- Shortstop
- Born: February 22, 1948 (age 78) Madison, Wisconsin, U.S.
- Batted: LeftThrew: Right

MLB debut
- July 17, 1971, for the California Angels

Last MLB appearance
- September 30, 1971, for the California Angels

MLB statistics
- Batting average: .270
- Home runs: 0
- Runs batted in: 3
- Stats at Baseball Reference

Teams
- California Angels (1971);

= Bruce Christensen =

American baseball player (born 1948)

Bruce Ray Christensen (born February 22, 1948) is an American former Major League Baseball shortstop for the California Angels. He was drafted by the Angels in the 17th round of the 1966 amateur draft. In his only major league season, 1971, he got into a total of 29 games, 24 at shortstop, and was in the starting lineup 15 times. Most of his starts came when All-Star shortstop Jim Fregosi was on the disabled list. Christensen was called up to the Angels after hitting .309 in 82 games for the Salt Lake City Angels of the Pacific Coast League, and made his major league debut on July 17.

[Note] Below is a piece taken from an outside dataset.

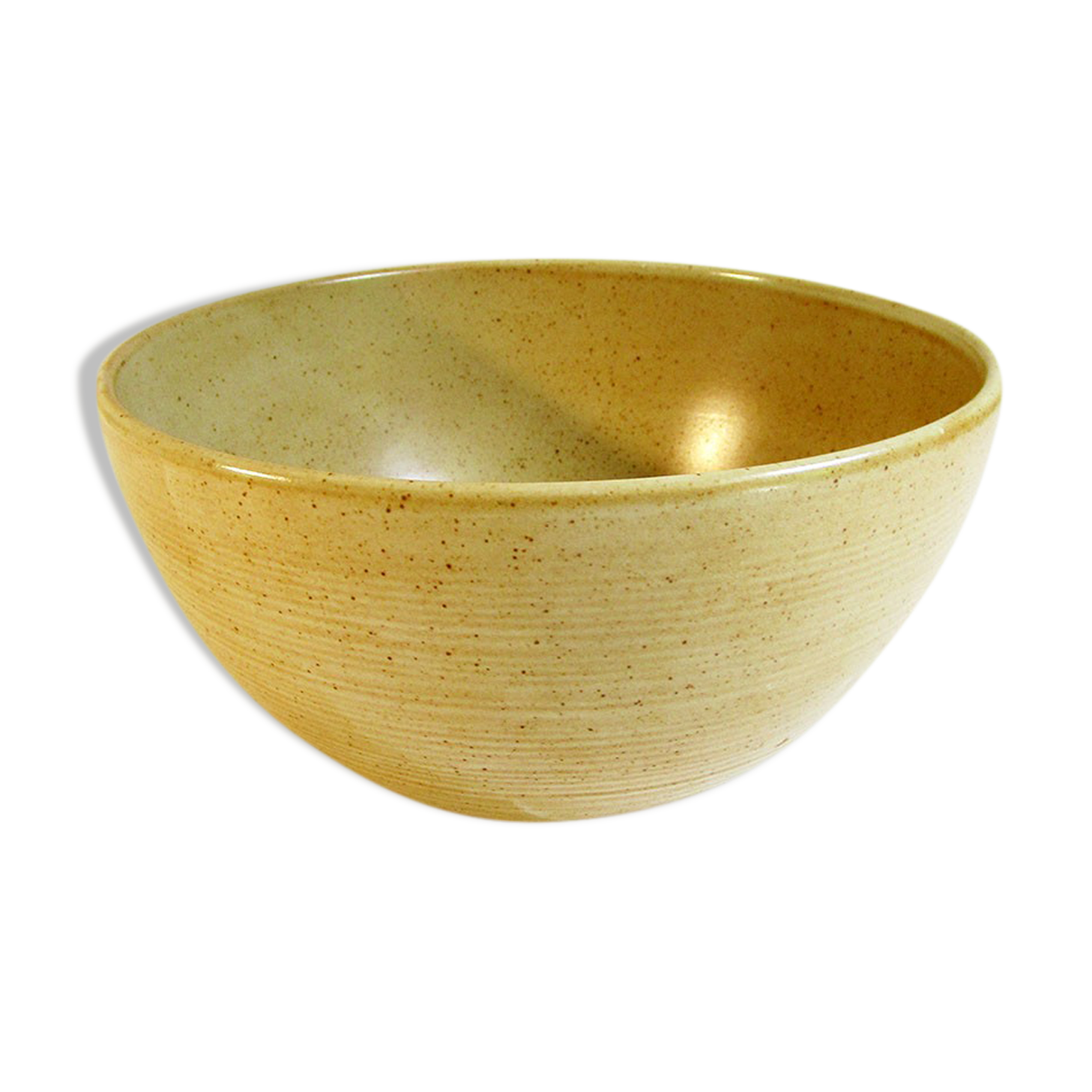 Light sandstone bowl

He was an excellent defensive player and an adequate hitter at the major league level. At short he made only one error in 81 chances for a fielding percentage of .988, much higher than the league average. He also participated in 13 double plays. At the plate he was 17-for-63 (.270), and his six walks pushed his on-base percentage up to .333. Not a power hitter, he had just one extra base hit (a double), three runs batted in, and four runs scored.

Christensen's best game as a hitter came on July 28, 1971, when he had three hits and a walk in a 5-1 victory over the Cleveland Indians at Cleveland Stadium. He scored one run and drove in another.